The course will end with a short demonstration on how to access the new OpenML
server for open machine learning (http://www.openml.org) which
provides a large repository of benchmark data sets and enables reproducible experiments and meta-analysis.

Participants are encouraged to bring their own laptop to follow the examples on the slides.

## 14 April: Samuel Livingstone (University of Bristol)

### Some things we've learned... about Hamiltonian Monte Carlo

Hamiltonian/Hybrid Monte Carlo (HMC) is a sampling method which has existed for almost 30 years, and recently has become very popular among statisticians, primarily because its efficacy has been shown empirically, statistically oriented tutorials have been written, and general purpose software for its implementation is now available. Comparatively little, however, is understood rigorously about the method. In this talk I'll review HMC, along with some basic concepts in Markov chain theory which are relevant to users of Markov chain Monte Carlo methods. I'll then discuss recent work in which we establish fairly general \pi-irreducibility and geometric ergodicity criteria for the method, giving some basic guidelines on when it should 'work well' for estimating expectations of interest. The results also shed light on how to tune some of the free parameters in the method. If time permits I may also mention some ongoing work on non-Gaussian choices for the distribution of the momentum variable, and how this can either positively or negatively impact performance.

Based on joint work with Michael Betancourt, Simon Byrne
& Mark Girolami.

http://arxiv.org/abs/1601.08057

## 21 April: Arthur Gretton (Gatsby Computational Neuroscience Unit)

## 05 May: Augusto Gerolin (Università di Pisa)

## 12 May: Ajay Jasra (National University of Singapore)

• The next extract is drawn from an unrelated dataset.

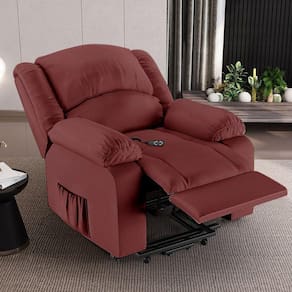 Poltrona Do Papai Reclinável Sala De Cinema Madrid Elevação Lift Elétrico Pu Vermelho G23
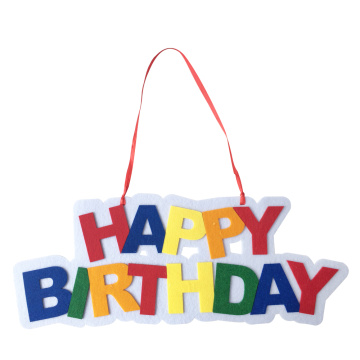 Happy birthday wall sign and hanging decorations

### Multilevel Sequential Monte Carlo Samplers for Normalizing Constants

*joint work with Pierre
Del Moral (INRIA/Bordeaux), Kody Law (Oak ridge) and Yan Zou (NUS)*

This talk considers the sequential Monte Carlo approximation of ratios of normalizing constants associated to posterior distributions which in principle rely on continuum models. Therefore, the Monte Carlo estimation error and the discrete approximation error must be balanced. A multilevel strategy is utilized to substantially reduce the cost to obtain a given error level in the approximation as compared to standard estimators.

Two estimators are considered and relative variance bounds are given.

The theoretical results are numerically illustrated for
the example of identifying a parametrized permeability in an elliptic equation
given point-wise observations of the pressure.